Tuesday, January 31, 2012

Clinic Visit and Dayton Children's Commercial

Ally had her monthly visit with Dr Broxson today.  This was her first visit EVER without a port.  No antibiotic infusions, no port flushing....just a blood test and a thorough check-up.  Now that she doesn't have the port, we have to go to the lab first and she gets a blood draw.  Not a big deal for her though...I am happy to report all her numbers remain in a good range!  Her ANC is now above 4000 and we are seeing numbers we have never seen before on her hemoglobin.  She did suffer much of the month with a headache, but Dr B attributed a lot of it just to the cruddy weather/sinuses/and other typical stuff. 

What I didn't know was that today we would meet with the nurse director of what they call the "Long Term Care clinic".  Ally will go to this clinic 5 years from now, when she is 15 years old to be monitored for all the of the long term side effects of her chemotherapy and radiation.  For the next five years we just continue to see Dr.
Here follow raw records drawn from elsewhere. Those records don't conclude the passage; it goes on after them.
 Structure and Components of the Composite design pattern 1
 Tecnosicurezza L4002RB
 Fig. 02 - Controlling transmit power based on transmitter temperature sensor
B.  You would think as a mother that I would know a lot about these side effects, and I do know some of the basic things.  BUT I have honestly been putting it out of my mind for a long while now.  It sounds ludacris, and the "old Janel" would never have not looked ahead...but for so long we just had to get to the next thing...the next step.  I had to just make the climb one rung at a time, if you will.  I kind of knew that this "talk" would be coming soon though and today was the day.
So they showed me yet another big binder that they have prepared for us.  This one being the "off therapy" binder.  Inside, is a road map of all the cumulative chemotherapy and radiation that Ally has been given.  They take each drug....add up all that she got over the 28 months of each one and give us a cumulative total.  And from that, you can kind of see where her risks are. 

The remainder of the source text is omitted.